# how to make your loose magic tight again



## daniel0731ex (Sep 27, 2009)

just put it in the fridge

i accidently did that today when i was pouring my milk. i totally forgot about it and was searching for it like crazy for an hour:fp

it actually worked pretty well. my magic was terribly loose before, and now it's really nice


----------



## Tdude (Sep 27, 2009)

lol
in the fridge


----------



## PatrickJameson (Sep 27, 2009)

When my magic was still quite tight, I used to put it under a heating pad to make it looser .

Now that my magic is extremely loose I just put 22 strings on it to make it tighter <_<.


----------



## riffz (Oct 2, 2009)

Wouldn't being in the fridge just temporarily tighten it while the strings are cold?


----------



## AvGalen (Oct 2, 2009)

riffz said:


> Wouldn't being in the fridge just temporarily tighten it while the strings are cold?
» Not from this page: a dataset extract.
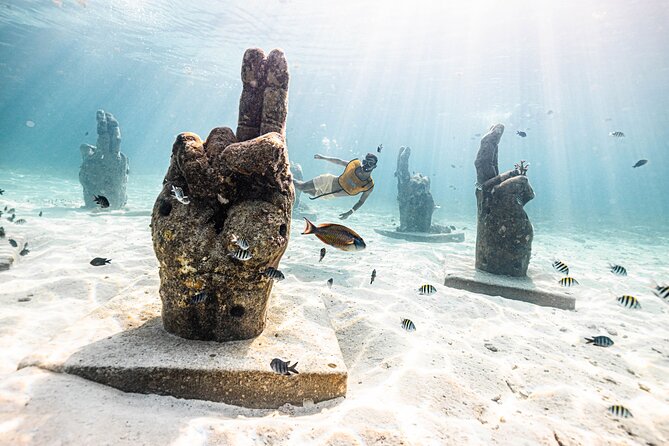 5-in-1 Cancun Snorkeling Tour with Sea Life & Transport Included - A shipwreck with white sand and clear water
Yes, but the effects actually last for quite a while (hours, not minutes) and Magic is only a short event anyway

To temporarily loosen: warmth, quite a lot of it (not heat!)
To permanently loosen: stretch the strings by putting things in between the tiles for a couple of days
To temporarily tighten: fridge
To permanently tighten: uhmmmm........Restring with new strings?


----------